Duncan police and fire vehicles gather at the intersection of Chisholm Trail Parkway and Clayton. Duncan Middle School went into lockdown Thursday relating to an issue within a neighborhood next to the school.

By Berkley Morris, Ava Allbritton, Peyton Griffith, and Bralin McCartney

Up until Thursday afternoon, Duncan Middle School students had no idea that the lockdown drills they practiced may potentially save their lives.

Although Duncan Middle School students and teachers practice lockdown drills twice a year, an actual lockdown is rarely used. However, Thursday’s police pursuit necessitated the use of a lockdown, where all doors were locked and students had to remain in class.

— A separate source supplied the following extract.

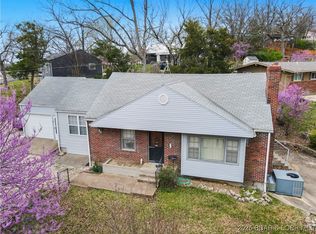 44 Arrowhead Beach Rd, Lake Ozark, MO 65049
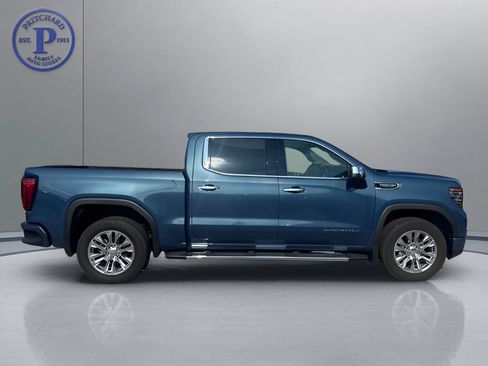 Used 2024 GMC Sierra 1500 Denali w/ Technology Package AWD/4WD image 8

Lockdown drills are used to train students in what to do if there is an exterior threat or potential harm outside the school. First, the office alerts teachers to the situation. Teachers are the make sure all doors are closed and locked. Unless called by the office, all students are to remain in their classrooms.

Then class would resume class as normal.

Emily Alley, a sixth-grade student at Duncan Middle School, was in English when the lockdown initiated.

This was Alley’s first time ever having a real lockdown.

“I think the drills that we practiced really did help us know what to do, and it was good knowing that we were prepared and doing the right thing,” she said. “I was in Mrs. Blalock’s class when it happened and I heard sirens, and I saw police dogs, cop cars, helicopters and I heard a SWAT team in the building.”

Alley was a little concerned at first.

“I was worried because I thought an active shooter was in the building, but we just did the stuff we learned and it kept us all safe,” she said.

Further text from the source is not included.